About half of the US territory is exposed to risks from seismic hazards. The average direct cost of earthquake damage is approximately $1 billion per year, and indirect costs can go up to $2 billion per year. The construction industry is constantly looking for effective ways to protect buildings from natural hazards, and there are several approaches to seismic design.
This article discusses some basic principles of seismic design, where the main goal is ensuring safety for occupants. There are three important requirements before starting a seismic design:
Step 1: Determine the potential seismic forces and all major hazards to which an area is vulnerable, and develop a design that accounts for all of them.
Step 2: Performance based requirements must be established, based on the risks posed by natural hazards on the buildings and its occupants.

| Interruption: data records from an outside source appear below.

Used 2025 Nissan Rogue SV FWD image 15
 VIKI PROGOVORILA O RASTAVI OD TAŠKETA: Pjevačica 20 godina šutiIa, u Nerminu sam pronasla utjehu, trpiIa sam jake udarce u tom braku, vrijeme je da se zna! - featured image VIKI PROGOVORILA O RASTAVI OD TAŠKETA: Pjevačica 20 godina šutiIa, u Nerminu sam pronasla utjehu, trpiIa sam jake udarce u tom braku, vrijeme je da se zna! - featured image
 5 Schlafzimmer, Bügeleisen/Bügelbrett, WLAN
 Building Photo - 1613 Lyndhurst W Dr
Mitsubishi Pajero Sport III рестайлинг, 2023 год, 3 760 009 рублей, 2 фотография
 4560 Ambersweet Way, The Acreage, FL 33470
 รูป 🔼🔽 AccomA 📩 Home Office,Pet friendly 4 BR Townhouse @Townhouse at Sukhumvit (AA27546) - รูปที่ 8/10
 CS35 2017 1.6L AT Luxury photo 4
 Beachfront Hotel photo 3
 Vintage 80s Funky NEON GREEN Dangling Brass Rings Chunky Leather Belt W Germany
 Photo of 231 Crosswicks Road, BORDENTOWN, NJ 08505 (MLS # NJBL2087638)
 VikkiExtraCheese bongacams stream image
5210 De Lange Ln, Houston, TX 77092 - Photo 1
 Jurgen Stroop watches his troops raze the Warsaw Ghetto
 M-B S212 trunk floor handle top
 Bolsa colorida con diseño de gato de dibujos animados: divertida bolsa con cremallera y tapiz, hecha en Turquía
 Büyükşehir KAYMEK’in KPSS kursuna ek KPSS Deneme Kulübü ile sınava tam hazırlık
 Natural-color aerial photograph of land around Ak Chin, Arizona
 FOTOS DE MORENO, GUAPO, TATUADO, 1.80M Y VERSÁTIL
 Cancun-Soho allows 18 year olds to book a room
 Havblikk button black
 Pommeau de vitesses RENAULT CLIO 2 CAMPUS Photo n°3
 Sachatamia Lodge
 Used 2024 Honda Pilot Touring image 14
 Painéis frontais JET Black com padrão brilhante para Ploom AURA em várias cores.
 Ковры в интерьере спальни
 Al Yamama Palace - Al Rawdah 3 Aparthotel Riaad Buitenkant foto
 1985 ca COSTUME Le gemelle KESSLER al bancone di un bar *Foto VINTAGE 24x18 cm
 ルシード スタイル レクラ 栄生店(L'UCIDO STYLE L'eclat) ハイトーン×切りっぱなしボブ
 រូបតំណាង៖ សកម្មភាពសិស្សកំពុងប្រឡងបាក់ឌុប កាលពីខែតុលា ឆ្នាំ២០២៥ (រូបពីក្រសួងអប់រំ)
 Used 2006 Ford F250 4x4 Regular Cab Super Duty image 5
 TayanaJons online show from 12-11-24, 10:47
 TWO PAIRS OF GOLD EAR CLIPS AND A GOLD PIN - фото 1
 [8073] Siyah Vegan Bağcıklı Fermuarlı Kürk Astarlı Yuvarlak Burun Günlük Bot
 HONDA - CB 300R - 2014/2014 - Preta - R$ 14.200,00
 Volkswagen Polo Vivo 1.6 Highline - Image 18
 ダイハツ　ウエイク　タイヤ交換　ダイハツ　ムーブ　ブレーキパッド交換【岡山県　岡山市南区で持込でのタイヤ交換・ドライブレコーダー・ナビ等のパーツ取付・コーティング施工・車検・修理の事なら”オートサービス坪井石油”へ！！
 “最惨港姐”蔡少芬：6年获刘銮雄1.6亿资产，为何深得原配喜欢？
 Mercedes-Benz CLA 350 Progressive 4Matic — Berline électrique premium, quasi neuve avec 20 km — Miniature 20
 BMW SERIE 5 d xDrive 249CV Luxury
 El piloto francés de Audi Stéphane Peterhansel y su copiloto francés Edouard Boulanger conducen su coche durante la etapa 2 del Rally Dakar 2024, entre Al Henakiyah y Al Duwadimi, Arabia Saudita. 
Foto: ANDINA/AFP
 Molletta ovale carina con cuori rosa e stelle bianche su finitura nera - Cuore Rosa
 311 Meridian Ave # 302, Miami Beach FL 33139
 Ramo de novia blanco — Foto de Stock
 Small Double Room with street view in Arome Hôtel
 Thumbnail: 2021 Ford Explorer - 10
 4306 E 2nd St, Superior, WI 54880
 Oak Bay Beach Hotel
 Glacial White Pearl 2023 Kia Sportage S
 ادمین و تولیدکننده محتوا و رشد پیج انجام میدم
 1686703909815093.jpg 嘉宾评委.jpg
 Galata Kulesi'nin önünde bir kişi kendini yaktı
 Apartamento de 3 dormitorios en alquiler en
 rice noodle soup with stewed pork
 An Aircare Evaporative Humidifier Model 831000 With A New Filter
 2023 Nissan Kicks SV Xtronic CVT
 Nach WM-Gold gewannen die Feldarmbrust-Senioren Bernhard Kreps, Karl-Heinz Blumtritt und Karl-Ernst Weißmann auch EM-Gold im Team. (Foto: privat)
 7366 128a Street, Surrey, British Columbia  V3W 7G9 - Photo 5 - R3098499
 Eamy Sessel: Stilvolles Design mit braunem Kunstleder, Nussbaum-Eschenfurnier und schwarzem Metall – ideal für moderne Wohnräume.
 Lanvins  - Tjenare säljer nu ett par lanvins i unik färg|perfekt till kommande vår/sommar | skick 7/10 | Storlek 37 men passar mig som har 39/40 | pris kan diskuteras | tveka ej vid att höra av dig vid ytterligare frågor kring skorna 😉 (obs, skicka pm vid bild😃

Step 3: Understand that earthquakes are dynamic, and every building responds differently. Therefore, teams must work together and communicate all the terms and methods used in the seismic design.
Design your building to be resilient during emergencies.
Defining an Earthquake
An earthquake is a sudden shaking of the Earth’s surface. The planetary crust consists of a series of plates that are in constant movement, and stress builds as the plates collide, extend and subduct. When this stress is released, it radiates through the crust producing earthquakes and tsunamis. Depending on where their occur, these natural disasters have the potential to cause severe damage.
How Are Seismic Forces Measured?
There are several key terms used to describe and measure the effects of an earthquake on the ground:
Acceleration: the rate of change of speed, measured in “g” which is the acceleration of gravity (9.8m/s^2).
Displacement: the distance from the point of rest, measured in centimeters.
Velocity: the rate of change of position, measured in centimeters per second.
Duration: How long the shock cycles last.
Magnitude: Intensity of the earthquake, measured by the Richter scale that ranges from 1 to 10.
The destructive power of an earthquake is determined by the acceleration and duration. Generally, the longer an earthquake lasts, the less acceleration a building can withstand.
The seismic measures mentioned before are used to calculate the forces that affect buildings. The movements caused by earthquakes generate internal forces within buildings, which cause most of the structural damage.
The inertial force is the result of multiplying the weight of a building and the acceleration of an earthquake. The greater the mass of a building, the greater the inertial force. Lightweight constructions have an advantage in seismic design, while heavier buildings will generate greater forces, which increases the possibility of column failure.
Earthquakes generate waves that can be long and slow or short and abrupt. The period of the wave is the length of a full cycle in seconds, the frequency is the number of cycles per second.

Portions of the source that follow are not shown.